Hey! So I just have a quick question. In my notes I wrote down that the alternating series test only proves absolute or conditional convergence, but can not prove divergence. Is this true or did I misunderstand my professor?

Homework Equations

The Attempt at a Solution

 

[gopher_p]

Homework Statement

Hey! So I just have a quick question. In my notes I wrote down that the alternating series test only proves absolute or conditional convergence, but can not prove divergence. Is this true or did I misunderstand my professor?

Homework Equations

The Attempt at a Solution

The alternating series test says nothing about absolute convergence; both ##\sum\frac{(-1)^n}{n}## and ##\sum\frac{(-1)^n}{n^2}## converge by the alternating series test. The latter is absolutely convergent while the former is not.
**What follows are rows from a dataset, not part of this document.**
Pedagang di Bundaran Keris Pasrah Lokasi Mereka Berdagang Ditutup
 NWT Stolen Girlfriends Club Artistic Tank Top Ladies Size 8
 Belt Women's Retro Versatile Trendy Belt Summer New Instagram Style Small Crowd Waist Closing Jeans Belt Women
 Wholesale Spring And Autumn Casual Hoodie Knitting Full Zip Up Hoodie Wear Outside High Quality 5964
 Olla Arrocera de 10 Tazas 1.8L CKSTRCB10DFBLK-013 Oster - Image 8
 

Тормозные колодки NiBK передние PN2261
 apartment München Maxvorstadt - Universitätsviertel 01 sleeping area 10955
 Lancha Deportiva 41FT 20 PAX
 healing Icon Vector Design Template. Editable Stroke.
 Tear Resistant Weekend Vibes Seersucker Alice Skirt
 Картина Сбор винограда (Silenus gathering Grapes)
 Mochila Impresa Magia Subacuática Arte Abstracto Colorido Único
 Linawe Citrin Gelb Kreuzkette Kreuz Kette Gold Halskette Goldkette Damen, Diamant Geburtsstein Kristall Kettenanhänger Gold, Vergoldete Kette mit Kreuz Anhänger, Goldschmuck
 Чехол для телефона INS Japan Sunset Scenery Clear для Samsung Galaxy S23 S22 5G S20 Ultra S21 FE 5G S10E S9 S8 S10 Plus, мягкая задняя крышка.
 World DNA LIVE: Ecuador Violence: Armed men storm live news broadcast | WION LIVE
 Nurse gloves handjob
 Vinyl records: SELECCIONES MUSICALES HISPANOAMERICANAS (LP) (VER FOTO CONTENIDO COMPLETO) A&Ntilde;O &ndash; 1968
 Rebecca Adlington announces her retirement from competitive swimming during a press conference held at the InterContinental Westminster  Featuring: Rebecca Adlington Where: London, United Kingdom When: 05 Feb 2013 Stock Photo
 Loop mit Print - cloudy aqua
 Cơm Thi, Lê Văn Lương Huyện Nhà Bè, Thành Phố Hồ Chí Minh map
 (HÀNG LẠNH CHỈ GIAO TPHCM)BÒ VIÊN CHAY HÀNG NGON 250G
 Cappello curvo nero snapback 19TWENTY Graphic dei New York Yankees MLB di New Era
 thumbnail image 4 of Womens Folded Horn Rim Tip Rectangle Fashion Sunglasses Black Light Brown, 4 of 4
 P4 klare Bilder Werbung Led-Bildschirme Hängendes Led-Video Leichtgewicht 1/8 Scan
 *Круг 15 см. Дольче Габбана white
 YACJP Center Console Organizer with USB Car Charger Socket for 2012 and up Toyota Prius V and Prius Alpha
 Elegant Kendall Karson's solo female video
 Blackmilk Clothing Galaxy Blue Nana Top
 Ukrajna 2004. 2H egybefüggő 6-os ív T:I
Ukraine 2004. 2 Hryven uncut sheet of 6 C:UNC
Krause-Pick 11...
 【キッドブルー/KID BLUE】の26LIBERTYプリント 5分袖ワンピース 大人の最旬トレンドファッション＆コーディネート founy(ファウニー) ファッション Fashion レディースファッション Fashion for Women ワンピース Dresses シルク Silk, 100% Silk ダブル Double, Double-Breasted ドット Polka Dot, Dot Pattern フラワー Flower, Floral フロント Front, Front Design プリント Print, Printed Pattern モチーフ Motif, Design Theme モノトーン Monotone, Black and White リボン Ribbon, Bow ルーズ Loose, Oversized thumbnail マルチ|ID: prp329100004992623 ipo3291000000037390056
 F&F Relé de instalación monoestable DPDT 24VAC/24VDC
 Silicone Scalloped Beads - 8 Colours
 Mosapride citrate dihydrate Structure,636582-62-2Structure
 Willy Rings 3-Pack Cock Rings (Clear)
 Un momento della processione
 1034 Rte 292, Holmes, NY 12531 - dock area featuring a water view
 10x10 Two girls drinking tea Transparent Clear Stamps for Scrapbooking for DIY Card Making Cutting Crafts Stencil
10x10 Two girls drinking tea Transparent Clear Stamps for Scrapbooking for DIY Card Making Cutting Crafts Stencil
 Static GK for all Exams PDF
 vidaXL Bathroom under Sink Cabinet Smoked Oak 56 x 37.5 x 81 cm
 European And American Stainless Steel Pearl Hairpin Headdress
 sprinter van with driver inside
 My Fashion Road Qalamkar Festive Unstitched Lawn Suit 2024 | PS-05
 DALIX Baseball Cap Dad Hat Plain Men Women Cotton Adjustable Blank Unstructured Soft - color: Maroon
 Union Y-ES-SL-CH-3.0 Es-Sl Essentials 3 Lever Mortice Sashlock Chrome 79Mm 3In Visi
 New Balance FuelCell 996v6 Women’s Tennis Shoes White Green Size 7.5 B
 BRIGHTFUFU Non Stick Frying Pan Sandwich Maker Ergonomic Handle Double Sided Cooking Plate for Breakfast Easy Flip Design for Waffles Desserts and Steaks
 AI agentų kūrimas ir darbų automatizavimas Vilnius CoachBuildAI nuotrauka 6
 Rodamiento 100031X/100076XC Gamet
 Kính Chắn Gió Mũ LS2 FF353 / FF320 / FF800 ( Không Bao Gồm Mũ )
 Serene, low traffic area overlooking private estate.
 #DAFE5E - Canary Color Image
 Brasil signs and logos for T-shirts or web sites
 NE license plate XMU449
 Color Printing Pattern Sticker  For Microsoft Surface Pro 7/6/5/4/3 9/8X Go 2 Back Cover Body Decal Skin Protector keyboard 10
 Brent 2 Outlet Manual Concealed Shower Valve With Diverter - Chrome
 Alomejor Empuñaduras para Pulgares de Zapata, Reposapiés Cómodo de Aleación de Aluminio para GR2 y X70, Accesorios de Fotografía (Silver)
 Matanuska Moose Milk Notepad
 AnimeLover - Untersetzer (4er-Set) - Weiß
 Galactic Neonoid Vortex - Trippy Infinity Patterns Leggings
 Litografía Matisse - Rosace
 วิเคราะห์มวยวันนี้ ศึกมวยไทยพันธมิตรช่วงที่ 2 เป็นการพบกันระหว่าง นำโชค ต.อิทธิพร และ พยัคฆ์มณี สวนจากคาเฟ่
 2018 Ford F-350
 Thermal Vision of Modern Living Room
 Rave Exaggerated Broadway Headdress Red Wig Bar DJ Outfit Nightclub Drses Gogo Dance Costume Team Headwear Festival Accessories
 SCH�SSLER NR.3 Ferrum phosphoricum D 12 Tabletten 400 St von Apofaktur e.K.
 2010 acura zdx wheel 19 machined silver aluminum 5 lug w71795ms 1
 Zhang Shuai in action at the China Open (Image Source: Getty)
Given an alternating series, i.e. a series of the form ##\sum\limits_{n=0}^\infty(-1)^na_n## with ##a_n>0##, the alternating series test has you check two things; (1) that ##\{a_n\}## is a (eventually) decreasing sequence and (2) that ##\lim\limits_{n\rightarrow\infty}a_n=0##. If either or both of these checks fails, then the alternating series test is technically inconclusive. There are some alternating series which fail the alternating series test and are convergent and some which fail and are divergent.

Put another way, the alternating series test says something along the lines of, "If we have an alternating series and (1) and (2) are true, then the series converges". It makes no claim if one or both of (1) and (2) are false, and it never concludes that a series is divergent.

But ...

In the event that a series fails part (2) of the test, then we can say that ##\lim\limits_{n\rightarrow\infty}a_n\neq 0##. It's not hard to see that this implies that ##\lim\limits_{n\rightarrow\infty}(-1)^na_n\neq 0##, and so the series is divergent by the ##n##th-term test/test for divergence (or whatever name your text/lecturer gives to that test). So you can learn enough about a series in the process of conducting the alternating series test to conclude, as a result of a different test, that the series is divergent.

 

[LCKurtz]

The alternating series test is a test for convergence. But if the test fails to show convergence, that doesn't imply divergence. It might be convergent anyway and the alternating series test just isn't adequate to show it. All you can say is that the alternating series test failed to show convergence.